Record temperatures are sweeping across the U.S., and agricultural workers are paying the price. The United Farm Workers has tracked at least three heat-related deaths this season. One analyst noted the dynamics at play, writing that compared to the meatpacking industry, “Hired farmworkers are just as vulnerable, if not more. Roughly half lack legal immigration status, and the labor-intensive jobs they do yield little pay and meager benefits. Most don’t have access to adequate health care. Many don’t speak English.” Adrian Aguirre, for example, died traveling in a company van that had no air conditioning or windows. Gueta Vargas collapsed on the job at a hops farm, which ostensibly allows for paid breaks; his daughter wrote, “No one deserves to pass away at work,” on the GoFundMe raising money for his funeral. This state of affairs underscores the challenges affecting agricultural workers. There are currently no OSHA rules covering heat stress, and lacking many traditional labor protections, agricultural workers face steep challenges improving their working conditions.

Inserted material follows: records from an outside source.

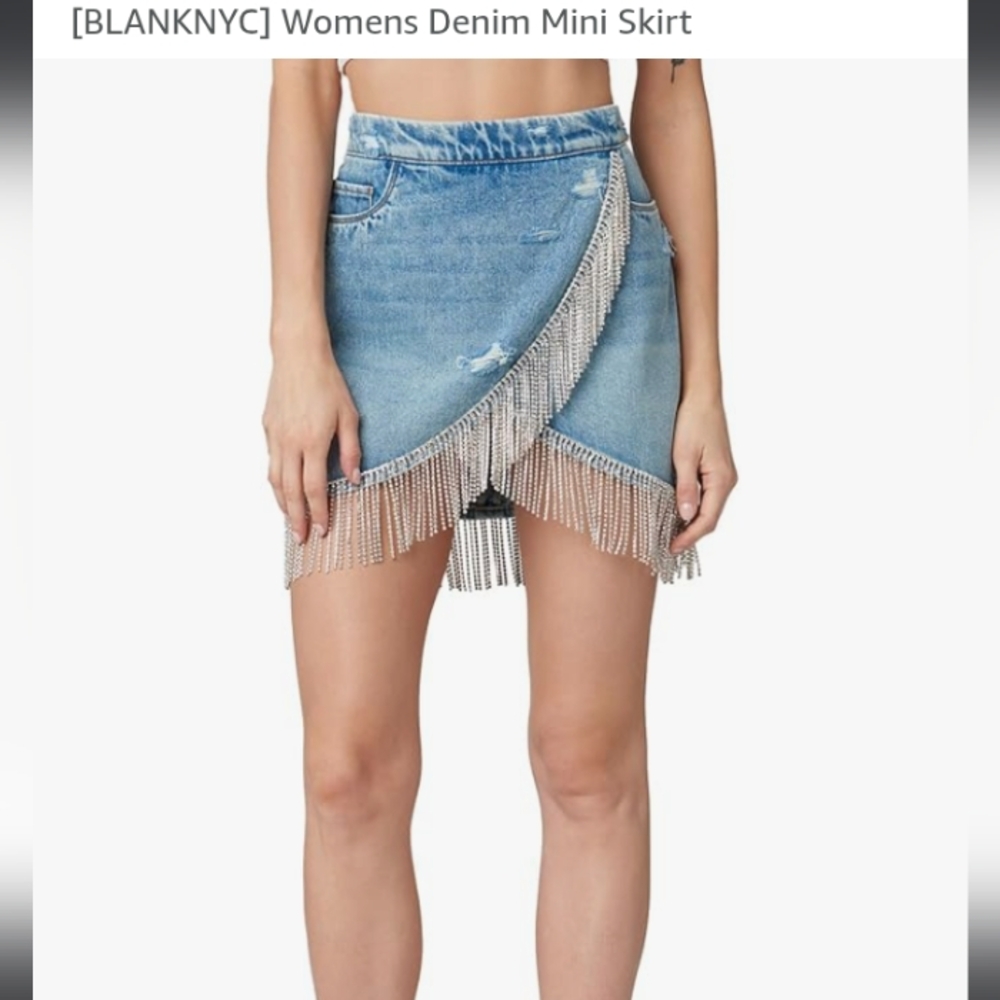Blank NYC Silver Blue Wrap Mini Skirt Asymmetrical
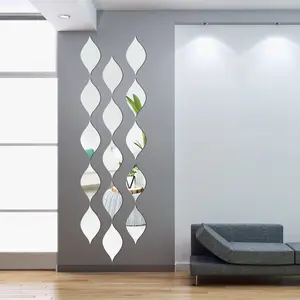 Modern Water Drop Acrylic Mirror Wall Stickers, 3D Self-Adhesive Oval Leaf Design, Perfect for Living Room and Bathroom Decor, Decorative Wall Sticker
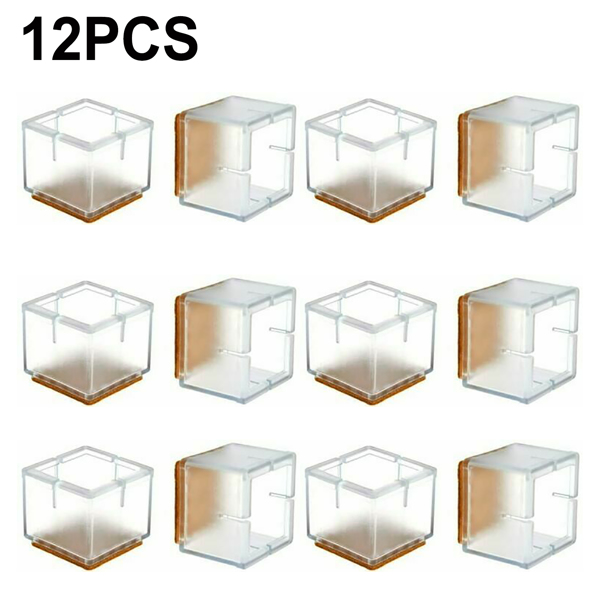 12pcs 方形透明毛毡款桌椅子脚套静音实木地板保护套(周末不发货)-1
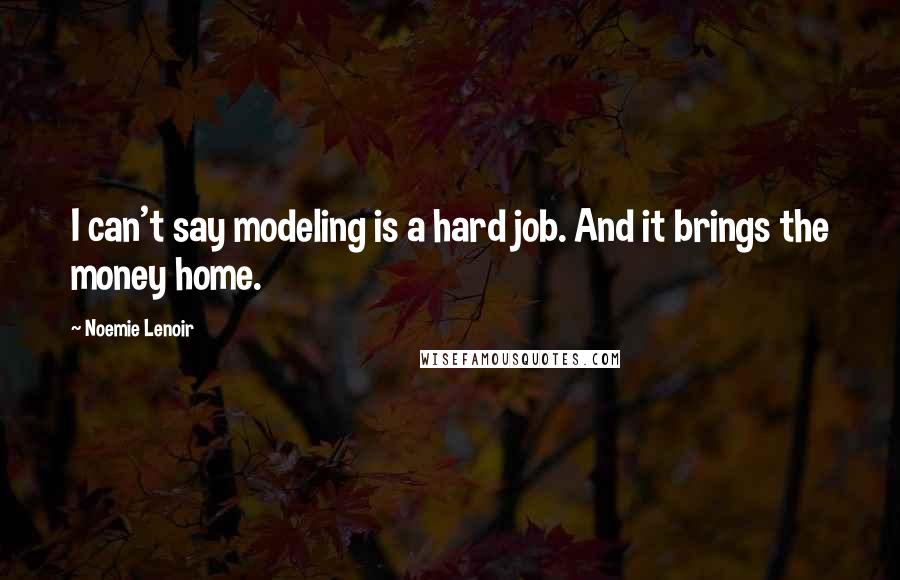 Noemie Lenoir Quotes: I can't say modeling is a hard job. And it brings the money home.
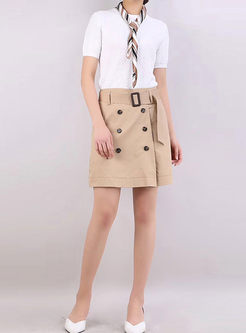 Casual High Waist Double-breasted Mini Bodycon Skirt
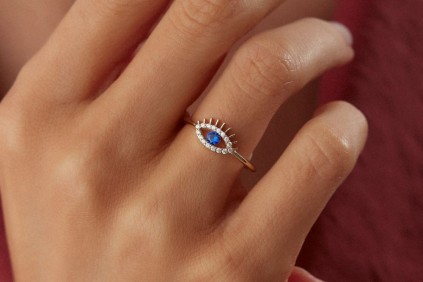 Mavi Taşlı Göz Yüzük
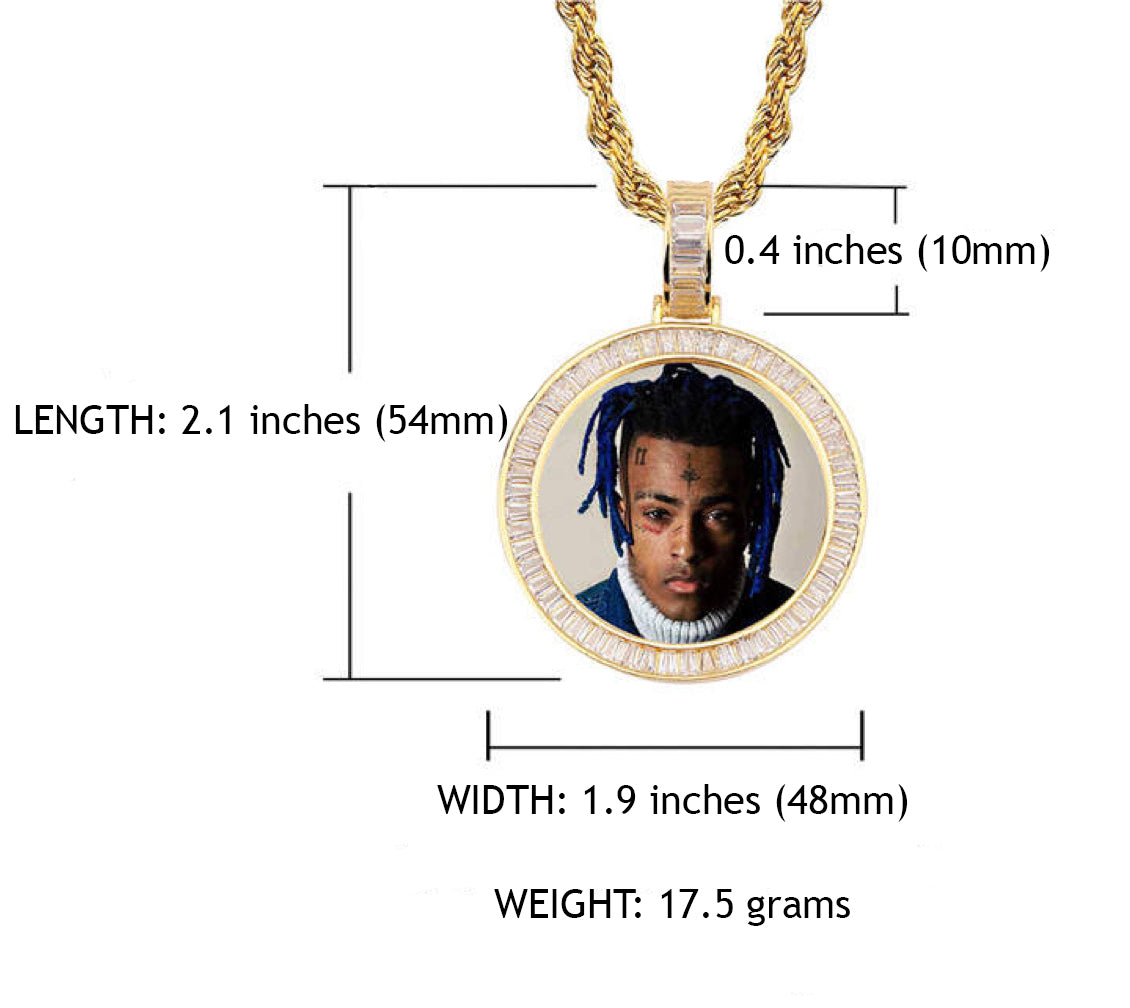 14k Gold or White Gold plated Round Baguette stone Custom 3D Photo Picture Charm Pendant 1.5 inch (39mm)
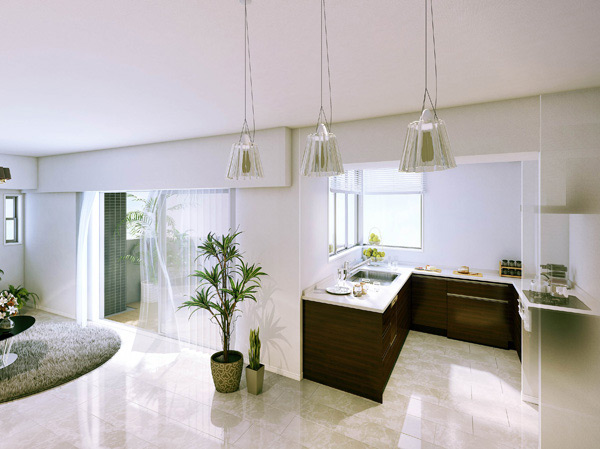 Room and equipment. Sky view kitchen that achieves light full of kitchen space. Enjoy cooking and housework in the bright and airy kitchen. Also, It <Kitchen ⇔ dining> <Kitchen ⇔ living> appeal of Sky view kitchen of both the sense of distance is set to close in more than its traditional face-to-face kitchen. (B type Rendering)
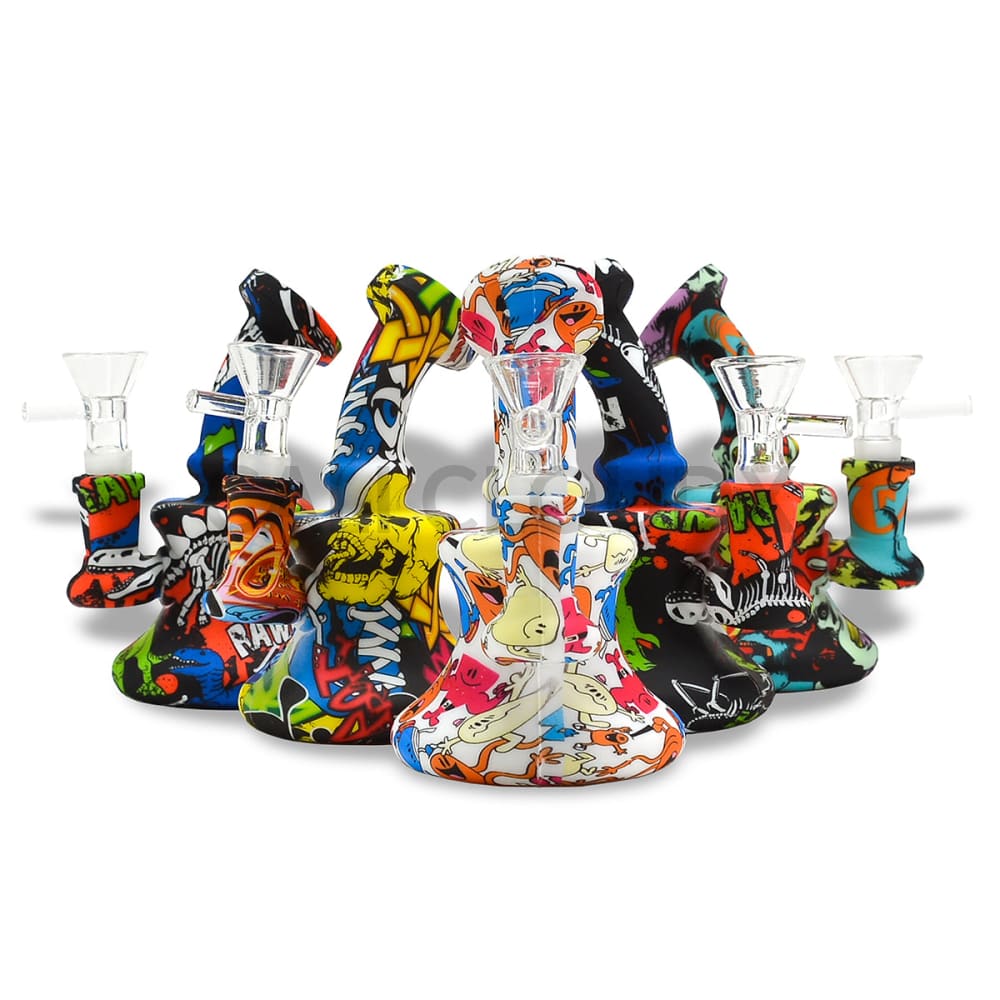 5 Silicone Printed Waterpipe Assorted Color Waterpipe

The labor backlash continues to grow at Activision Blizzard, the billion-dollar game developer being sued by the State of California alleging a culture of sexual harassment and abuse of its employees. Workers at the company recently formed a working group called the ABK Workers Alliance to help coordinate demands. They have said Blizzard is not listening to their concerns, especially since hiring a law firm known for its history of helping companies combat union movements. As the conflict has progressed, at least three members of senior management or development have been let go by the company. Jeff Strain, a former senior Blizzard employee and now owner of his own development company, has called for wholesale unionization of the industry. He even encouraged his own developers to unionize. In a letter, he specifically wrote, “I have nothing to fear from unionization, nor does any company that pays employees fairly and equitably, provides quality health insurance, models respect and civility for female, POC, LGBTQ+ employees, and supports a healthy, whole life.” Few development studios are unionized, and the ones that are, are mostly in Sweden, where legal protections for unions is strong. In 2018, Game Workers Unite formed to encouraged unionization, and in 2019, the AFL-CIO urged the same in the industry. Given the massive lawsuit against Blizzard, now may be the time.

The U.S. government and Tridonex, a Mexican auto parts maker, came to an agreement today to improve working conditions at its plant. This enforcement comes as an early test of the U.S.-Mexico-Canada Agreement. The company will now provide severance and backpay to at least 154 workers who were fired and “will support employees’ rights to determine union representation without coercion.” The AFL-CIO lodged a complaint three months ago, and labor stateside has long complained that substandard labor conditions south of the border keep down salaries and cause unfair competition with U.S. workers. A telling example of such labor repression occurred in this same case last year, when a trade union lawyer was jailed for organizing workers at the plant. She was only released after agreeing to internal exile to another Mexican state and accepting a ban on appearing in labor court.

FedEx is currently embroiled in “one of the largest Fair Labor Standards Act overtime collectives in history,” a suit representing 30,000 people. Today, that collective added 14 more state claims to their complaint for overtime against the company. The claims span Arkansas, Connecticut, Hawaii, Illinois, Maine, Maryland, Michigan, Minnesota, New Jersey, Oregon, Pennsylvania, Rhode Island, Vermont, and Wisconsin law. The suit’s primary contention is that FedEx “is liable as a joint employer for overtime owed to drivers who, ‘on paper,’ work for independent contracted service providers so the company can avoid certain employment obligations.”